1.问题描述
使用SparkStreaming连接Kafka的demo程序每次重启,都会从Kafka队列里第一条数据开始消费。
修改enable.auto.commit相关参数都无效。
2.原因分析
demo程序使用"KafkaUtils.createDirectStream"创建Kafka输入流,此API内部使用了Kafka客户端低阶API,不支持offset自动提交(提交到zookeeper)。
"KafkaUtils.createDirectStream"官方文档:
http://spark.apache.org/docs/2.2.0/streaming-kafka-0-8-integration.html
3.对策
方案一)通过zookeeper提供的API,自己编写代码,将offset提交到zookeeper;服务启动时,从zookeeper读取offset,并作为"KafkaUtils.createDirectStream"的输入参数
优点:可与基于zookeeper的监控系统融合,对消费情况进行监控
缺点:频繁的读写offset可能影响zookeeper集群性能,从而影响到Kafka集群的稳定性
方案二)自己编写代码维护offset,并将offset保存到MongoDB或者redis
优点:不影响zookeeper集群性能;可基于MongoDB或者redis自主实现消费情况的监控
缺点:无法与基于zookeeper的监控系统融合
4.代码示例
基于上述方案二,将offset保存到redis,并在服务重启时从redis获取offset,确保不会重复消费。
1)Scala操作redis的工具类
package xxx.demo.scala_test
import redis.clients.jedis.{Jedis, JedisPool, JedisPoolConfig, Protocol}
import org.apache.commons.pool2.impl.GenericObjectPoolConfig
import org.slf4j.LoggerFactory
import com.typesafe.scalalogging.slf4j.Logger
class RedisUtil extends Serializable {
@transient private var pool: JedisPool = null
@transient val logger = Logger(LoggerFactory.getLogger("cn.com.flaginfo.demo.scala_test.RedisUtil"))

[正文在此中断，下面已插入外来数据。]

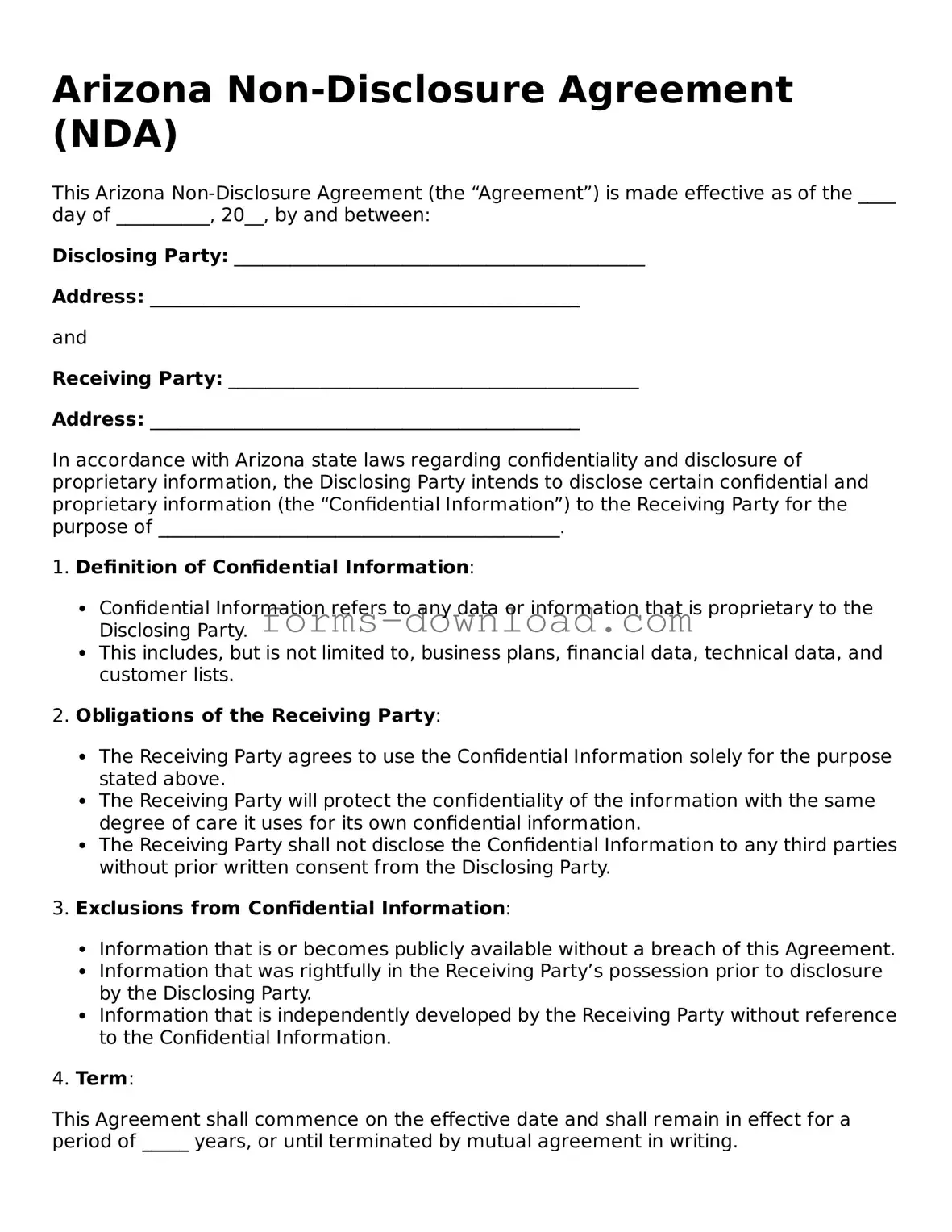 Attorney-Approved Non-disclosure Agreement Document for the State of Arizona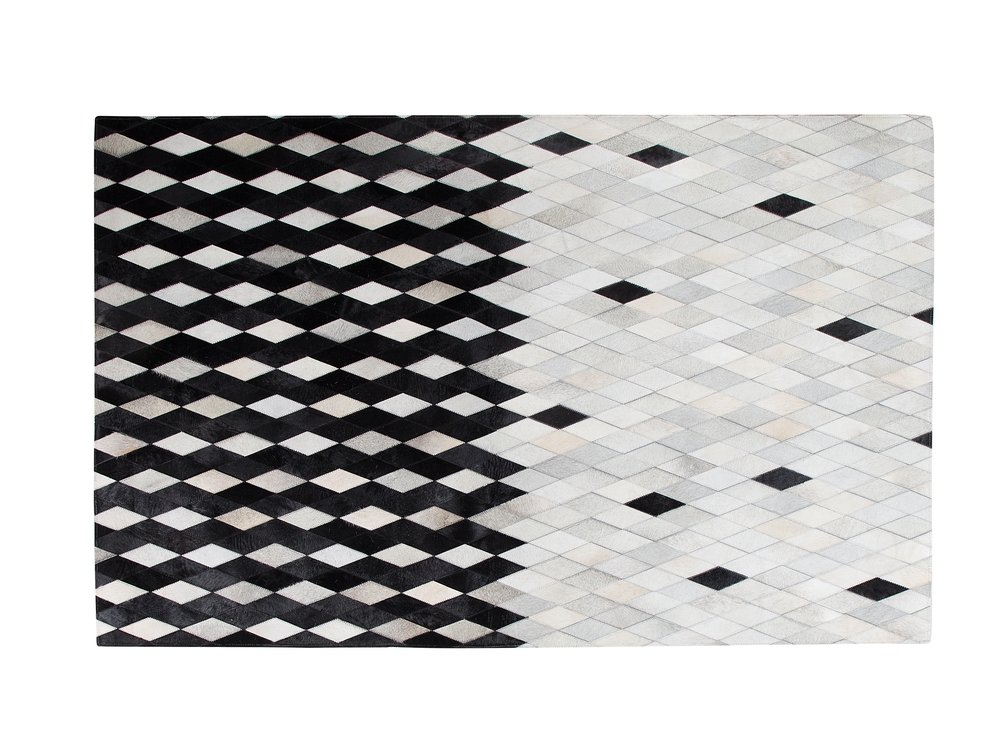 Tappeto In Pelle Bianco / Nero 140 X 200 Cm MALDAN - Foto 5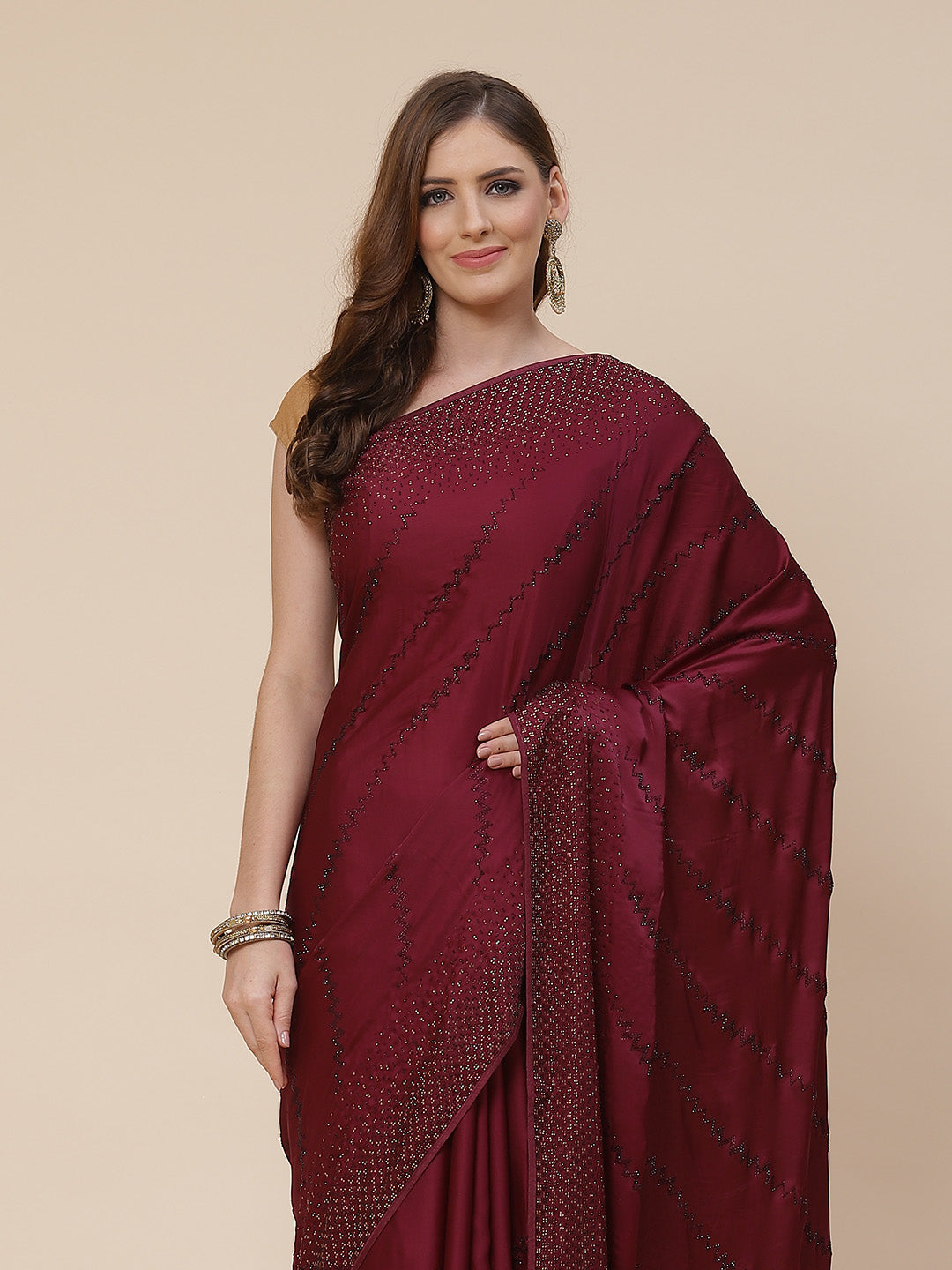 Stone Work Handloom Pure Satin Embroidered Saree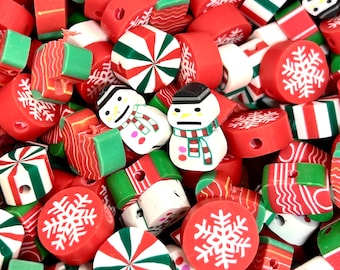 Handmade Christmas Polymer Clay Beads, Festive Bead Mix, Snowman Snowflakes Stockings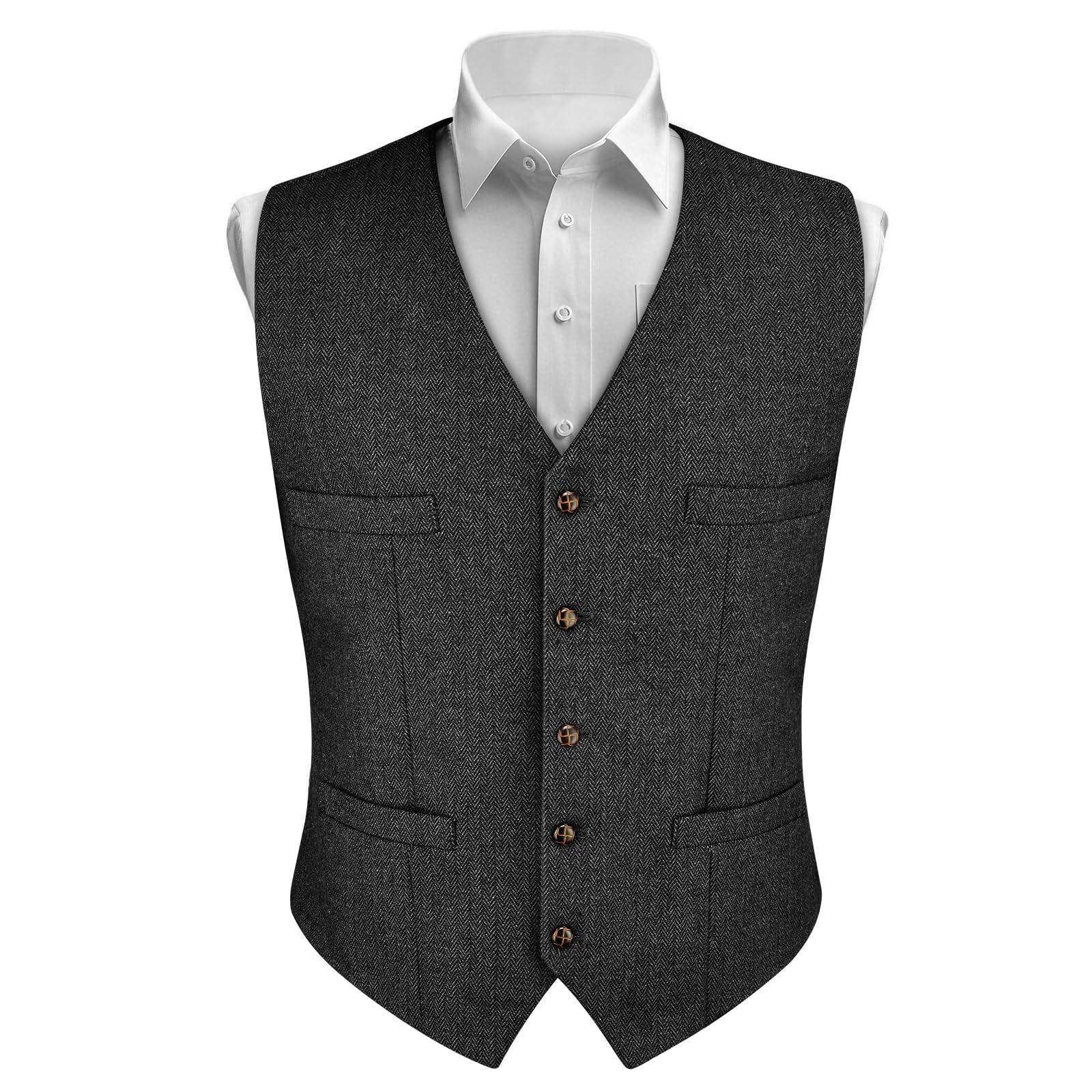 AUYAO Chaleco Formal Hombres, Traje de Espiga de Lana Casual para Hombre, Chaleco de Tweed para Novios de Boda, Boda Fiesta Negocio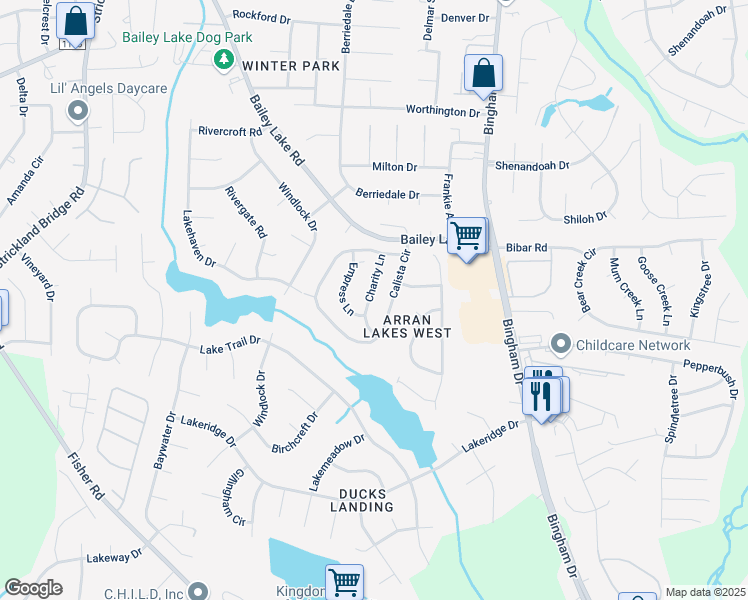 map of restaurants, bars, coffee shops, grocery stores, and more near 1735 Charity Lane in Fayetteville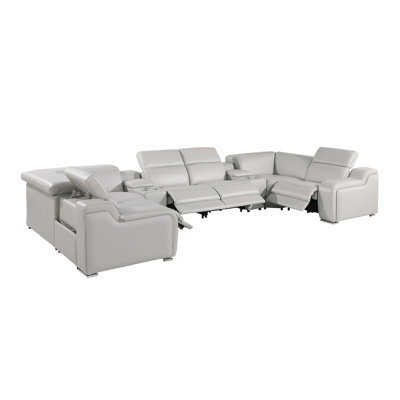 Light Gray Italian Leather Power Reclining U Shaped Eight Piece Corner Sectional With Console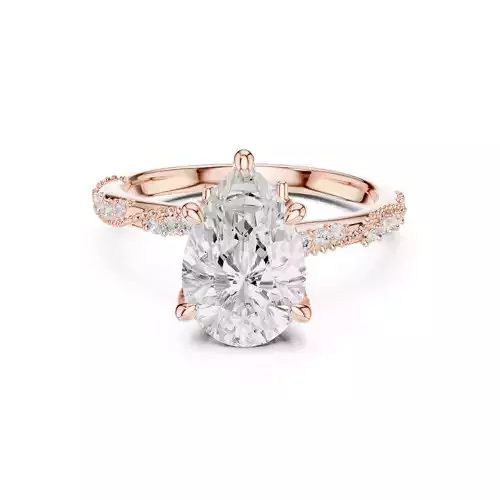 Pear Cut Diamond Hidden Stone Wedding Ring 3DM STL Video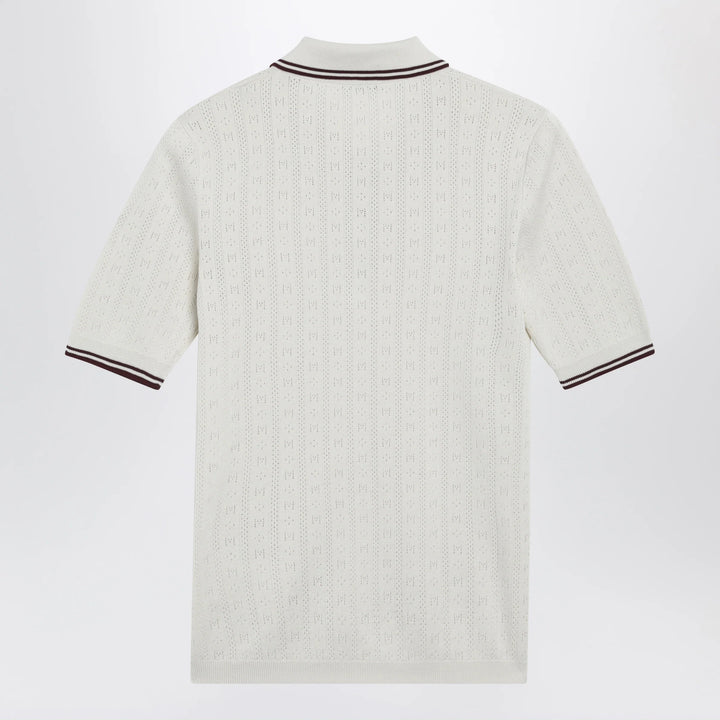 Moncler - White cotton polo with diamond pattern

def makePool(redisHost: String, redisPort: Int,
password: String, database: Int): Unit = {
if (pool == null) {
val poolConfig = new GenericObjectPoolConfig()
pool = new JedisPool(poolConfig, redisHost, redisPort, Protocol.DEFAULT_TIMEOUT, password, database)
val hook = new Thread {
override def run = {
pool.destroy()
logger.debug("JedisPool destroyed by ShutdownHook")
}
}
sys.addShutdownHook(hook.run)
}
}
def jedisPool: JedisPool = {
assert(pool != null)
pool
}
def generateKafkaOffsetGroupIdTopicKey(groupId : String, topic : String) : String = {
groupId + "/" + topic
}
}
2)初始化redis工具
import kafka.serializer.{StringDecoder, DefaultDecoder}
import kafka.common.TopicAndPartition
import kafka.message.MessageAndMetadata
import org.apache.spark._
import org.apache.spark.streaming._
import org.apache.spark.streaming.StreamingContext._
import org.apache.spark.streaming.kafka._
import org.apache.spark.sql.SparkSession
import org.bson.Document
import com.mongodb.spark.config._
import com.mongodb.spark._
import com.mongodb._
import xxx.demo.model._
import redis.clients.jedis.{Jedis, JedisPool, JedisPoolConfig, Protocol}
import scala.collection.JavaConversions.{mapAsScalaMap}
import org.slf4j.LoggerFactory
import com.typesafe.scalalogging.slf4j.Logger
...
var redisUtil = new RedisUtil()
redisUtil.makePool(redisHost, redisPort, redisPassword, redisDatabase)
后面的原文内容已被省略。